%%

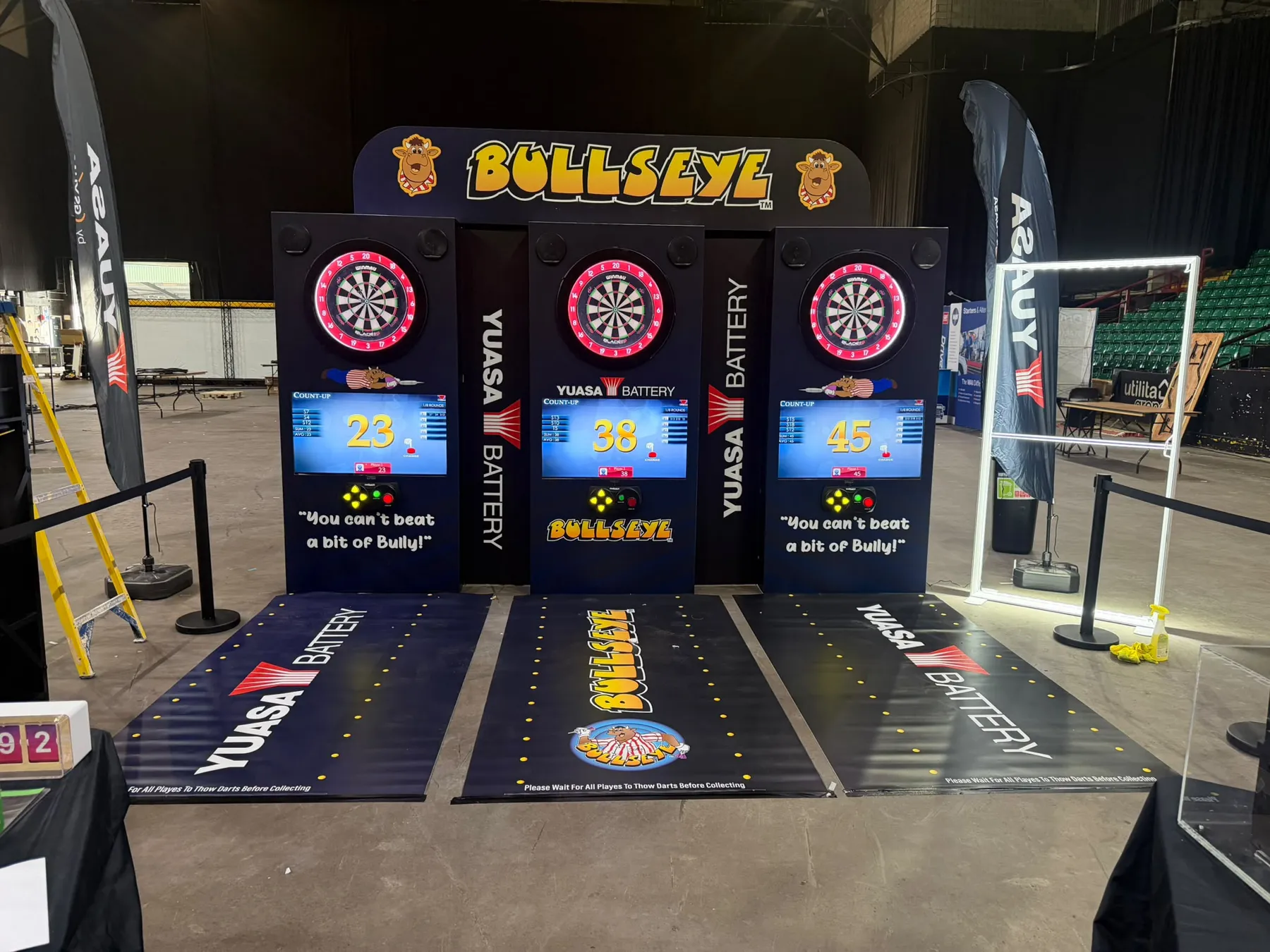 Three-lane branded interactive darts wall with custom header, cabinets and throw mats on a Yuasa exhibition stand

%%
%%

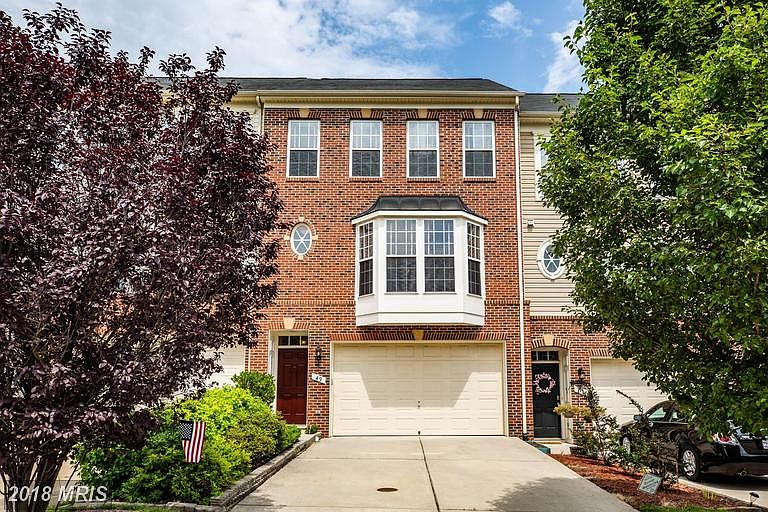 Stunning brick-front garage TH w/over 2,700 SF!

%%
%%

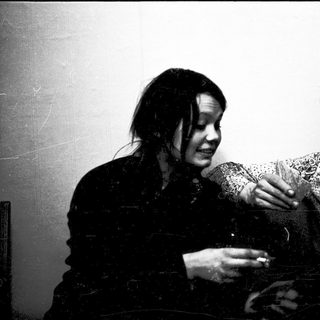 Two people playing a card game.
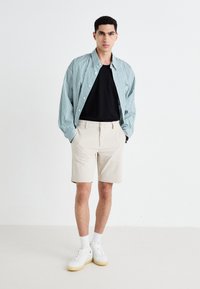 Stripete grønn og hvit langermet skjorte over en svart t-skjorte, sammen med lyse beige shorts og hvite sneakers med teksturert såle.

%%

▶ Exercise directions:
Keep to the lines above from the line with "Two people playing a card game." to the line with "Stripete grønn og", and set down exactly those, inclusive, with nothing else and every picture left out.

▶ Result of the exercise:
 Two people playing a card game.
 Stripete grønn og hvit langermet skjorte over en svart t-skjorte, sammen med lyse beige shorts og hvite sneakers med teksturert såle.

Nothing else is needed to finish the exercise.